* [Exercise aim]:
The span to repeat in the listing below runs from the line containing "Cozy bedroom featuring" to the line containing "carpeted empty room featuring a high ceiling", inclusive. Repeat it exactly, and only it.

* [Listed records]:
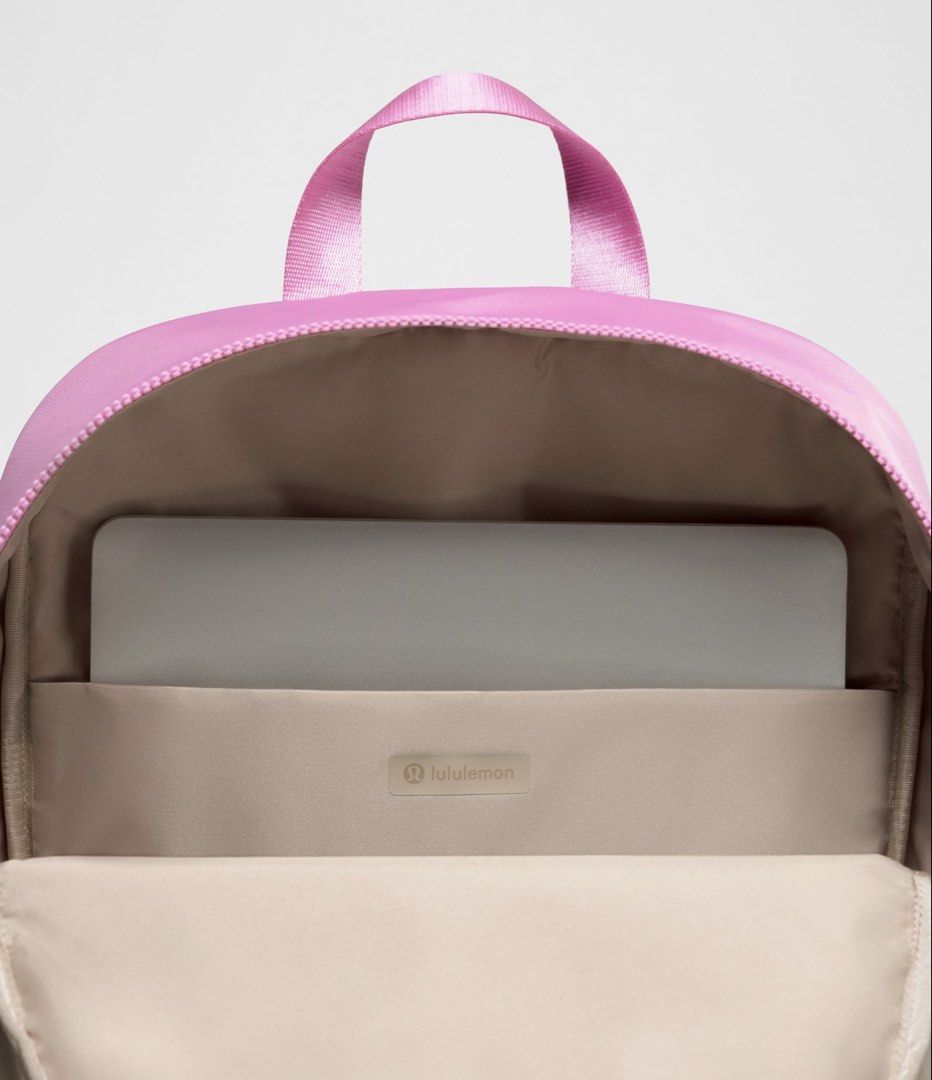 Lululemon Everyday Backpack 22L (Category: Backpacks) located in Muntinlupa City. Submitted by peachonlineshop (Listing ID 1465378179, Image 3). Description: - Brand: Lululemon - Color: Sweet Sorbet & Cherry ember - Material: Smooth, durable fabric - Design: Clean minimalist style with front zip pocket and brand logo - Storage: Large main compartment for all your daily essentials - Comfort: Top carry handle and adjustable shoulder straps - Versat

--

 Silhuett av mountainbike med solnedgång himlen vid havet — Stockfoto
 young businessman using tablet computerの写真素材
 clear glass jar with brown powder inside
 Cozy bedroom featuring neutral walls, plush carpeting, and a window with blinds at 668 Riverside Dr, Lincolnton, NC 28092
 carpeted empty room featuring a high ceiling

* [Response for this exercise]:
 Cozy bedroom featuring neutral walls, plush carpeting, and a window with blinds at 668 Riverside Dr, Lincolnton, NC 28092
 carpeted empty room featuring a high ceiling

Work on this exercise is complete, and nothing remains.